> **What the task requires**: Among these records, which lines include "Brown"? Copy them out.

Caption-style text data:

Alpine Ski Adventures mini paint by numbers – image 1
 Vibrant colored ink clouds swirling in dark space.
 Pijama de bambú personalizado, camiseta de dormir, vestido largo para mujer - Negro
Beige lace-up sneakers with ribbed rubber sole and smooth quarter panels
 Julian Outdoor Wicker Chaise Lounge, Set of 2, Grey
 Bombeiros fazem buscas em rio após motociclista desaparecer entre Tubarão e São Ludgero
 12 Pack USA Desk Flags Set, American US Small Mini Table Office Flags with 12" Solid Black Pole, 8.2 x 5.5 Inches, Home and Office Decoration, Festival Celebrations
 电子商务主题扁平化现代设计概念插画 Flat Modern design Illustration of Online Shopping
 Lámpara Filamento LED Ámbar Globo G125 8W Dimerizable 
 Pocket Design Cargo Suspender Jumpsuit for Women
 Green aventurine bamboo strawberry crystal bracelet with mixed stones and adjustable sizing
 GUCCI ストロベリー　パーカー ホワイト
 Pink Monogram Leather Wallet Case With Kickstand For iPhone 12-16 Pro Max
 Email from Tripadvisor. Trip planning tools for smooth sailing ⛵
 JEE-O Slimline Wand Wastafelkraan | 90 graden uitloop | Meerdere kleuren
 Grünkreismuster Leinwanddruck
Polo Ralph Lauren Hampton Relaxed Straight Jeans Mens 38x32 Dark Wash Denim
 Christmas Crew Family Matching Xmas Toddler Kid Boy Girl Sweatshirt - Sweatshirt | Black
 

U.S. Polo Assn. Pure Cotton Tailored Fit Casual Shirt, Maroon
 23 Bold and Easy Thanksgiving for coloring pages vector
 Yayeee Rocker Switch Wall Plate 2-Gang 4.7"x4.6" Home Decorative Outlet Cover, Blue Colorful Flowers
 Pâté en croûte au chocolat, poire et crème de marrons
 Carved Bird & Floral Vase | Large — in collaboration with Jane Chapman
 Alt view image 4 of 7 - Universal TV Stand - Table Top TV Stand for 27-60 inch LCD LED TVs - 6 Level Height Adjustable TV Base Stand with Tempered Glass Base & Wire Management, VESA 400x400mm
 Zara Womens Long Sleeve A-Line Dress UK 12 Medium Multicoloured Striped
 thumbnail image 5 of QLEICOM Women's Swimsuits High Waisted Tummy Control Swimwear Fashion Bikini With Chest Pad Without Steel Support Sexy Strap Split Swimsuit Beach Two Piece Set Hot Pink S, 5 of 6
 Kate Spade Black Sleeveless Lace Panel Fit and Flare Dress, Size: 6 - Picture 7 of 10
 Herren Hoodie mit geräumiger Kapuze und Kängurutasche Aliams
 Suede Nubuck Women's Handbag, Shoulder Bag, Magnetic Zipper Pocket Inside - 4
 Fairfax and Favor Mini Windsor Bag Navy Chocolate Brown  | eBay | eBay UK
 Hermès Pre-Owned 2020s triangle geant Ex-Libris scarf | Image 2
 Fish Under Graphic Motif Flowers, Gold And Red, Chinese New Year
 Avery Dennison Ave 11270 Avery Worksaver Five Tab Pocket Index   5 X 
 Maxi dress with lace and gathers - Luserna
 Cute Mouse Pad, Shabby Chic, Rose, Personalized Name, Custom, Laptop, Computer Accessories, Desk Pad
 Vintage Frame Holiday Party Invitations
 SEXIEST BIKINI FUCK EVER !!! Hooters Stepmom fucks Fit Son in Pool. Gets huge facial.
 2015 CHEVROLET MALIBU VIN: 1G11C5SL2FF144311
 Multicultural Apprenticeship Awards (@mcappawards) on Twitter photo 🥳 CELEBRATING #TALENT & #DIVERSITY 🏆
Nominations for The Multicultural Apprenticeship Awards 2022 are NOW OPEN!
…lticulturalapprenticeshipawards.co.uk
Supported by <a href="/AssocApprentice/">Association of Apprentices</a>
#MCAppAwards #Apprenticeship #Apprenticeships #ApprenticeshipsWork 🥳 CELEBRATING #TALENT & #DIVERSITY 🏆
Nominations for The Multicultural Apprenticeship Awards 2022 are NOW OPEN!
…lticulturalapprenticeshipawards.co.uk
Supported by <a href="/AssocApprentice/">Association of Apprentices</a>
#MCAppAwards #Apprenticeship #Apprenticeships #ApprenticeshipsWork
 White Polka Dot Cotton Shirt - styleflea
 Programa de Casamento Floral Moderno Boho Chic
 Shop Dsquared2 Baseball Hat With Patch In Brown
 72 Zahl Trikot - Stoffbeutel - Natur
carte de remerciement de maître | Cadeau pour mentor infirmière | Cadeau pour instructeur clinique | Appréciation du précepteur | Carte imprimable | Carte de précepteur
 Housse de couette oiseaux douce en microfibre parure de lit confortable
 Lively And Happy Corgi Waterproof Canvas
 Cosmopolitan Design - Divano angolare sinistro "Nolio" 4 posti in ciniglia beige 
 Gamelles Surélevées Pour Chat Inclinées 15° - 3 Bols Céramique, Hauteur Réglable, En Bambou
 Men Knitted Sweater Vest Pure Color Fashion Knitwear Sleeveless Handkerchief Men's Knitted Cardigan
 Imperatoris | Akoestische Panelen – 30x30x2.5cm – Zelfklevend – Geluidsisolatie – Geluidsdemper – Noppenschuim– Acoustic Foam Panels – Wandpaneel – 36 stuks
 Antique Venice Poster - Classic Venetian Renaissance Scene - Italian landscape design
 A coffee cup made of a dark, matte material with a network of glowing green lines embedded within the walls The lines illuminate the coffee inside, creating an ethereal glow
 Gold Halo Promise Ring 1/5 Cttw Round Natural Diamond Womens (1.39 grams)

> **Task response**:
 Fairfax and Favor Mini Windsor Bag Navy Chocolate Brown  | eBay | eBay UK
 Shop Dsquared2 Baseball Hat With Patch In Brown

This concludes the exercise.